La ‘distrazione’ di somme e di beni dell’azienda dichiarata fallita era un affare di famiglia. Quello della famiglia di Antonio Ranieri, 73 anni, amministratore della ‘Set Impianti’, colosso nel settore della cantieristica navale ad Augusta e dei figli, soci della srl, Francesco, 46 anni e Raffaele, 45. Originari della Calabria, i tre imprenditori, finiti ai domiciliari per bancarotta fraudolenta hanno continuato la loro attività nonostante l’azienda dal 2011 navigasse in cattive acque.

Antonio Ranieri sta rientrando in queste ore dall’estero dove si trovava per lavoro.

Le indagini, coordinate dal pm Marco Regolo e dal pool di magistrati del gruppo per i reati contro la criminalità economica’ della Procura distrettuale di Catania sono state svolte dal Nucleo di Polizia Tributaria della Guardia di Finanza di Catania.

Somme di denaro e beni aziendali che, secondo l’accusa, sarebbero stati distratti dal patrimonio della fallita sono stati sequestrati alla famiglia Ranieri: 2,5 milioni euro e due rami d’azienda una per la costruzione di imbarcazioni e la costruzione e manutenzione di impianti industriali nel settore petrolchimico, per un valore complessivo di 12 milioni di euro e un capannone industriale, del valore di 700 mila euro.

Le indagini sono state avviate nel 2011, dopo il fallimento della “Set Impianti S.r.l.”. La società già operante nella realizzazione e installazioni di impianti industriali è stata trasferita da Augusta a Catania a fine 2012 e dichiarata fallita nel novembre 2014 dal Tribunale etneo con un passivo di oltre 20 milioni nei confronti dell’Erario.

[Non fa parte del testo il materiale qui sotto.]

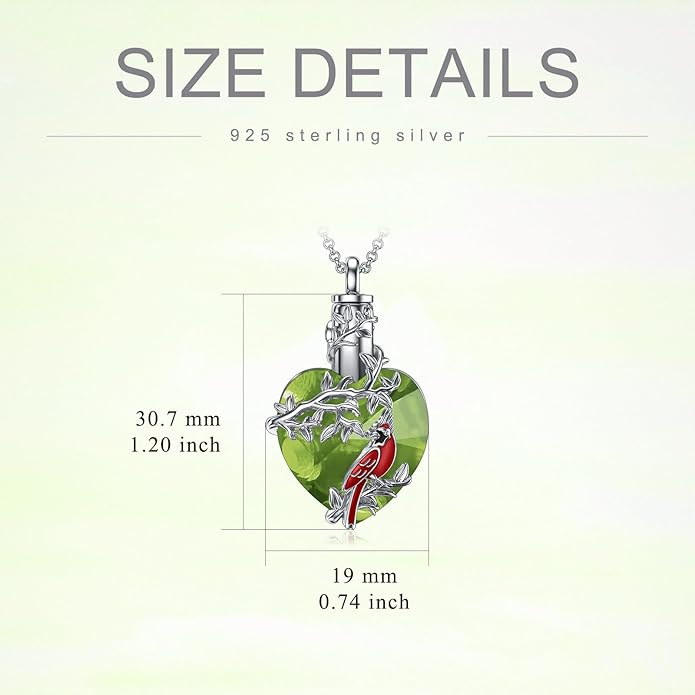 Animal Crystal Urn Necklace For Ashes Sterling Silver Butterfly Dragonfly Bee Phoenix Peacock Hummingbird Fox Angel Wing Pentagram Pentacle Cremation Necklace Heart Teardrop Urn Holder Necklaces For Women Memorial Jewelry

La società è stata progressivamente svuotata di tutte le attività economiche e finanziarie, trasferite verso altre società riconducibili a Antonio Ranieri e ai figli. 

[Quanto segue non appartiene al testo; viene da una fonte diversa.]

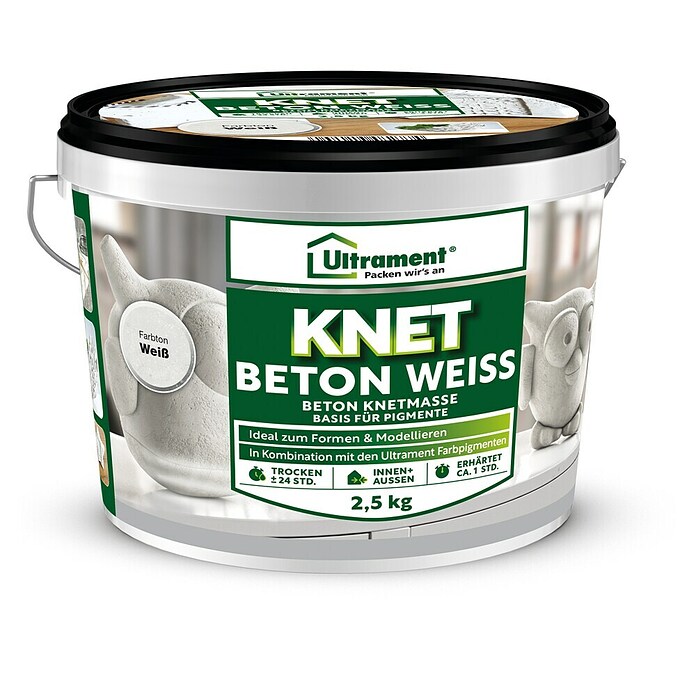 Ultrament Beton-Knetmasse Knet Beton Weiss (Weiss, 2,5 kg) | BAUHAUS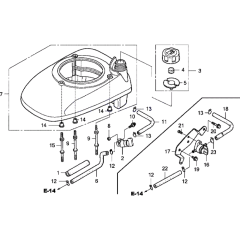 Fuel Tank Assembly for Honda HRX537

Gli investigatori hanno passato ai raggi x la distrazione del ramo aziendale più significativo e redditizio della società fallita, quello relativo alla costruzione e alla manutenzione di impianti petrolchimici, avvenuta attraverso la graduale cessione dei contratti di appalto, delle maestranze e delle attrezzature ad altra società del Gruppo “Ranieri”.

In questo modo gli indagati hanno continuato a svolgere l’attività dell’impresa fallita con una nuova società senza debiti. E ancora, la distrazione di oltre 1,5 milioni di euro utilizzati per finanziare altra società nel settore della cantieristica navale.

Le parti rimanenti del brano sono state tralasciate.